5, rinitis atrofi: terutama mukosa hidung, periosteum dan atrofi turbinate; karena atrofi jaringan hidung, meskipun rongga hidung relatif lebar, tetapi mukosa hidung kehilangan fungsi fisiologis normalnya, dan karena terbentuknya kerak kering di hidung, pasien masih merasakan ventilasi yang buruk. Ketika ada infeksi bakteri, racun dan ekskretanya, dll menghasilkan bau busuk, sekali tercium, tidak akan lupa seumur hidup.

6, rinitis kaseosa: adalah penyakit hidung yang langka. Gambaran klinis untuk akumulasi bahan seperti keju di hidung, ada bau busuk, erosi jaringan lunak dan tulang dari waktu ke waktu, terjadinya kelainan bentuk hidung internal dan eksternal. Di antara bahan seperti keju ditemukan epitel terkelupas, jaringan nekrotik, sel septik, kristal kolesterol, dan mikroorganisme seperti mikobakteri. Adapun etiologinya, tidak ada kesimpulan yang pasti.

7, rinitis alergi: juga dikenal sebagai rinitis alergi, disebabkan oleh mukosa hidung yang sangat sensitif terhadap komponen tertentu dari udara yang dihirup. Gejalanya sangat mirip dengan flu, tetapi bisa beberapa episode dalam sehari; bila tidak, itu benar-benar normal. Timbulnya rinitis alergi kadang-kadang berkaitan erat dengan musim.

8, rinitis obat: rinitis obat adalah hasil dari obat hidung yang tidak tepat (seperti jaring mata hidung, epinefrin atau efedrin dan tetes hidung lainnya) tindakan berkelanjutan jangka panjang, juga dapat dipahami sebagai rinitis kronis. Faktor penyebabnya adalah obat hidung yang tidak tepat, termasuk penggunaan obat tetes vasokonstriktor mukosa hidung dengan efek yang kuat, konsentrasi obat yang berlebihan, larutan non-isotonik, overdosis atau pengobatan jangka panjang. Semua ini dapat merusak struktur silia mukosa hidung, sehingga mempengaruhi fungsi fisiologis mukosa hidung dan menghasilkan kondisi klinis di mana pasien mengalami hidung tersumbat yang persisten.
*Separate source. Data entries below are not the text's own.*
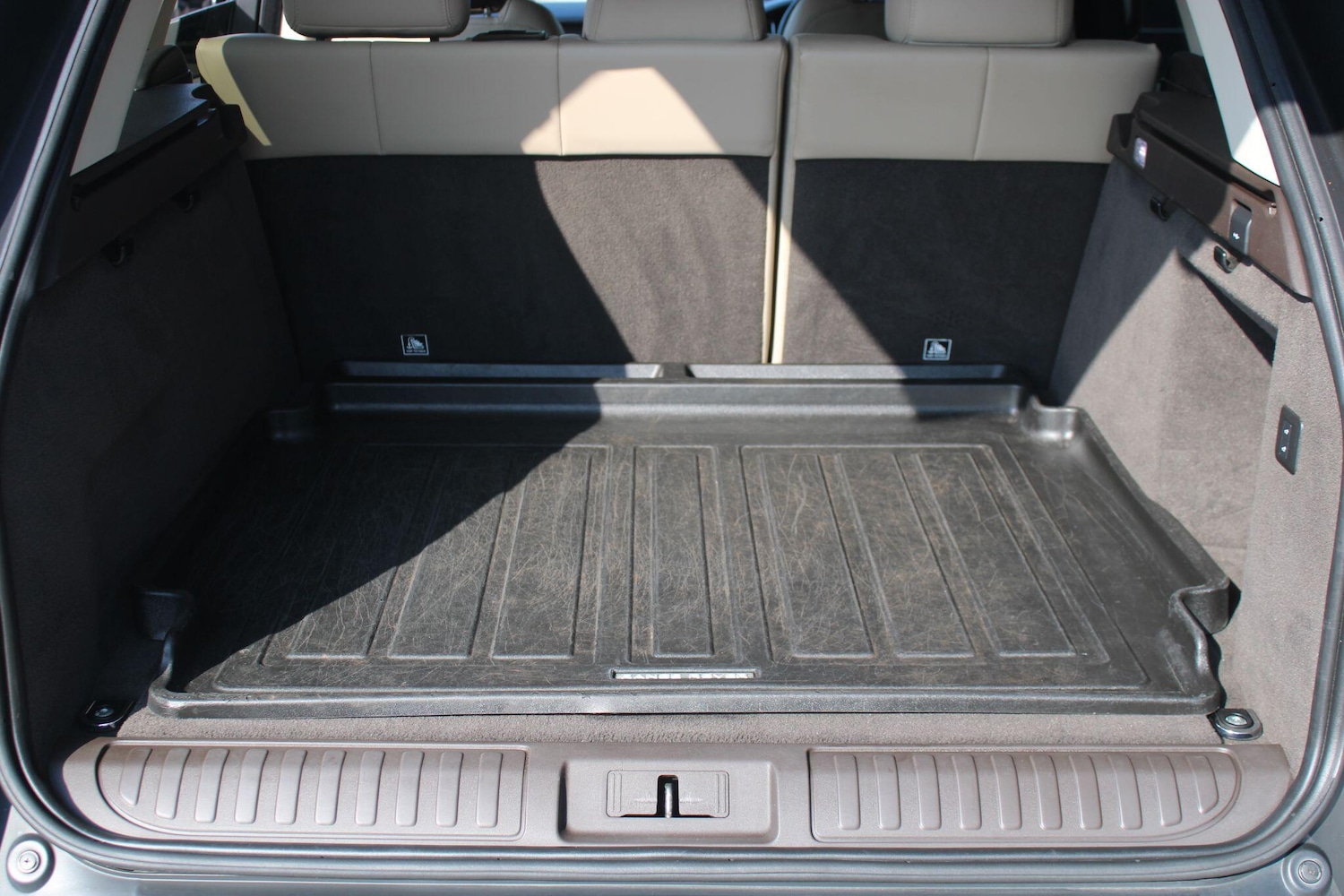 Used Land Rover Range Rover Sport 2018 for sale - 76584691: Photo 11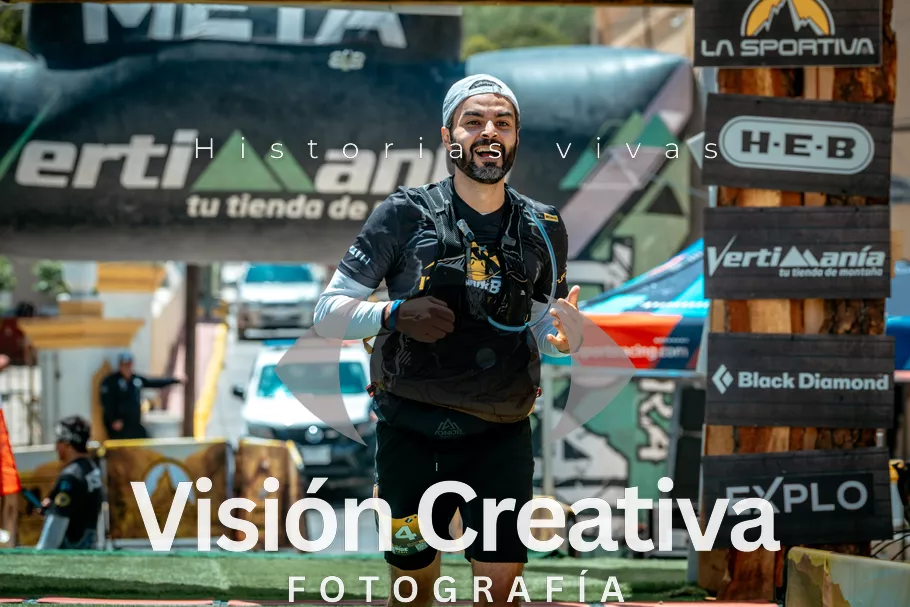 Foto del evento Iturbide Ultra Trail 2025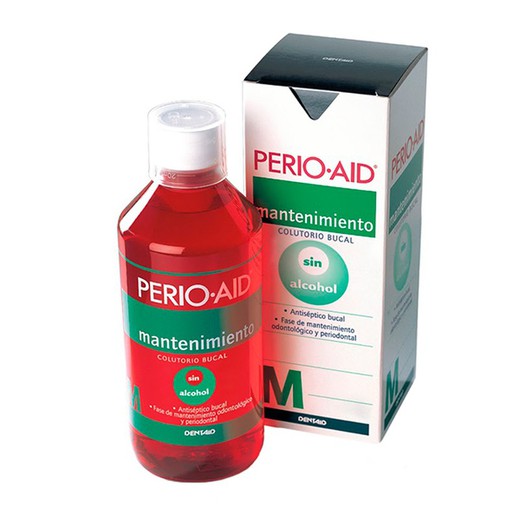 PERIO AID COLUT MANTENIM 1000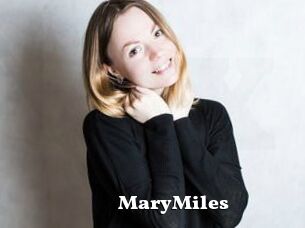 MaryMiles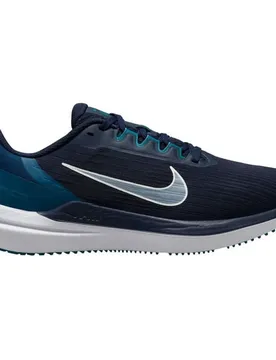 Winflo 9 Road Herren Laufschuhe, blau, Größe 42 ½ 42 ½
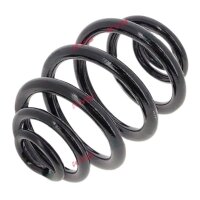 Suspension Spring Set rear coil spring Ø 147 mm...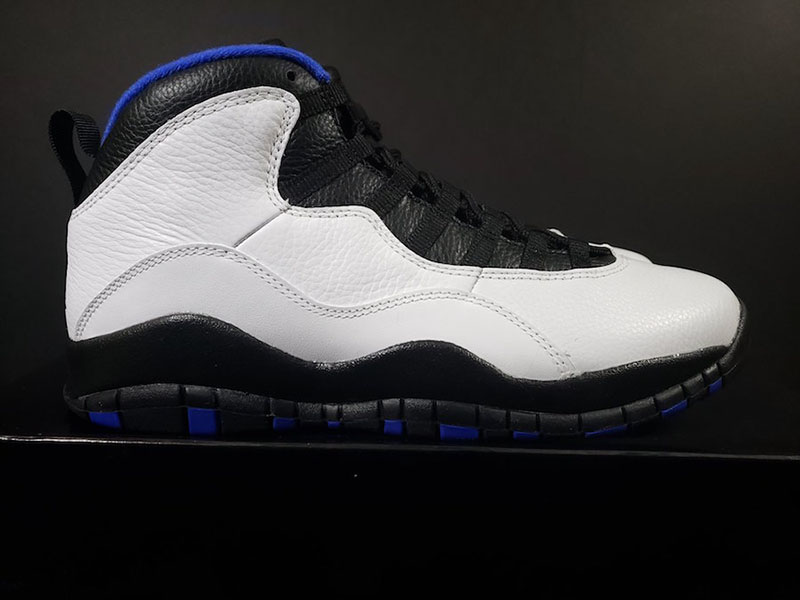 AJ10,发售,Air Jordan 10,Orlando, 元年城市别注首次复刻!奥兰多 Air Jordan 10 发售日期确定 AJ10,发售,Air Jordan 10,Orlando, 元年城市别注首次复刻!奥兰多 Air Jordan 10 发售日期确定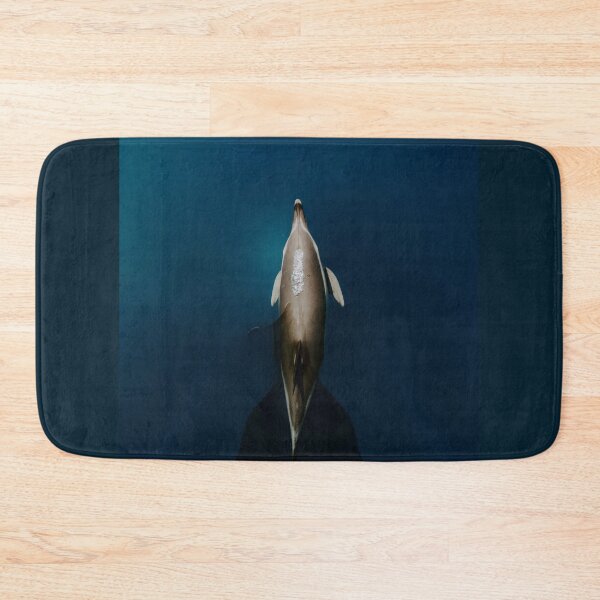 Item preview, The Incredible Dolphin  designed and sold by boltjesdesign.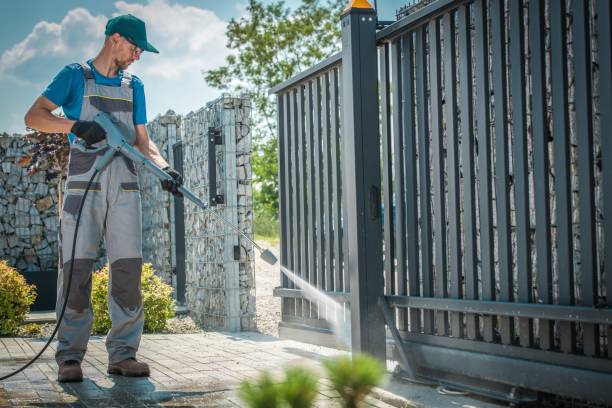 Best Post-Construction Pressure Washing  in Ordway, CO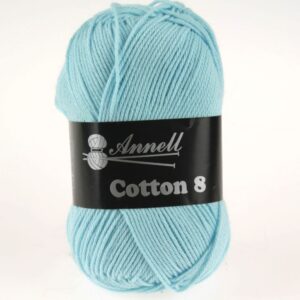 Cotton 8 coloris : 041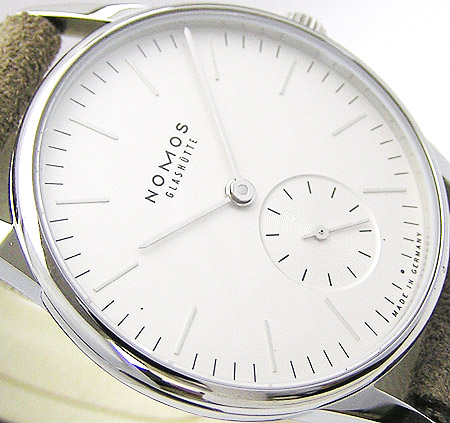 NOMOS OR1A3SW233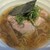 大阪麺哲 - 料理写真:
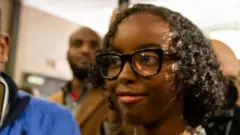 Isra Hirsi
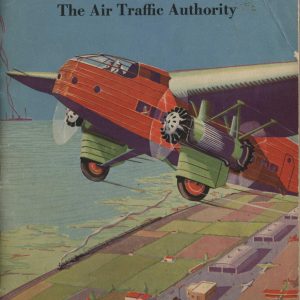 Air Travel Guide 1930-02 [United States]
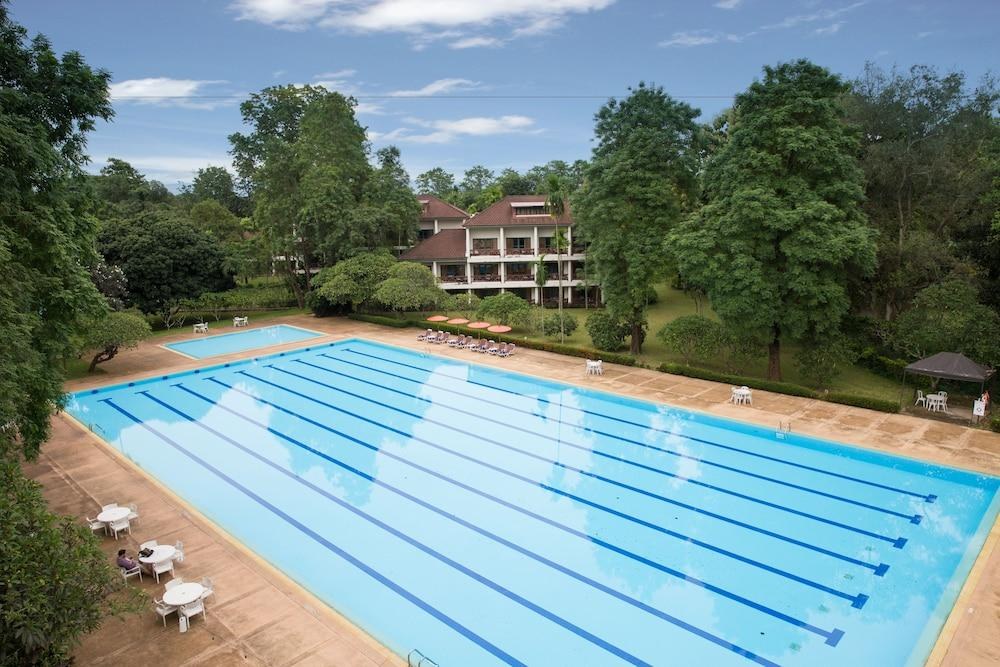 IMPERIAL CHIANG MAI SPORTS CLUB, CHIANG MAI photo 2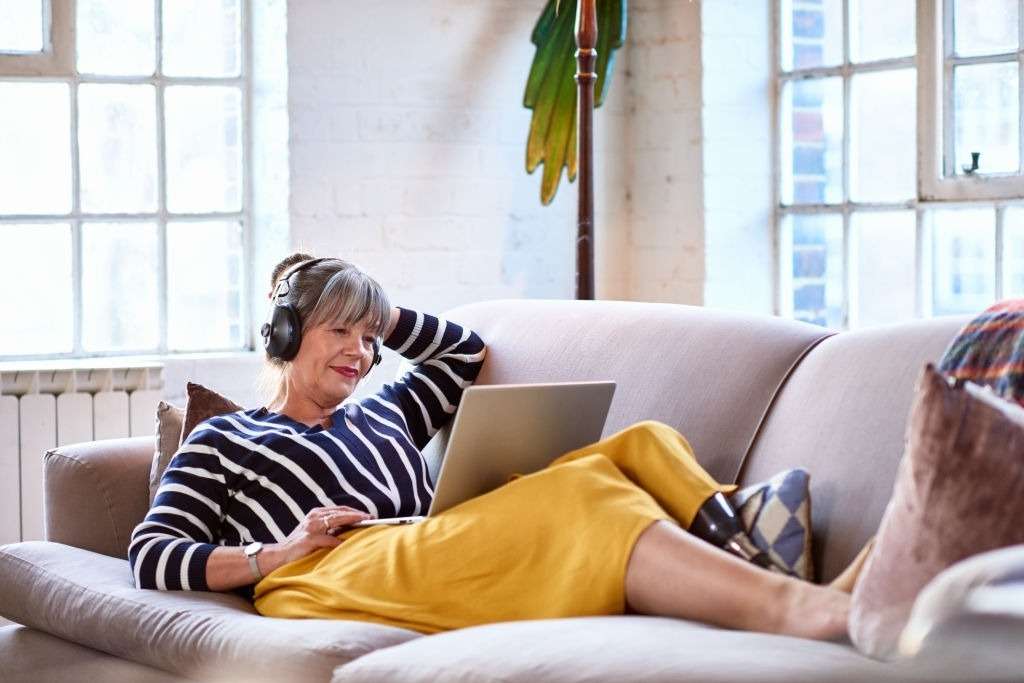 Learning English by listening to music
Rinitis yang umum terjadi pada anak-anak termasuk rinitis alergi, rinitis akut, dan rinitis kronis. Dalam pengobatan Cina, penyakit ini disebut “angin dan hidung tersumbat”, “jurang hidung”, “hidung tersumbat”, “hidung tersumbat”, dll.. Patogenesis penyakit ini sebagian besar disebabkan oleh kelemahan tubuh, infeksi eksternal racun jahat, stagnasi di hidung, operasi qi dan darah yang buruk, kemacetan lubang hidung dan timbulnya penyakit, atau karena disfungsi organ internal, membran otot lubang hidung tidak dibasahi.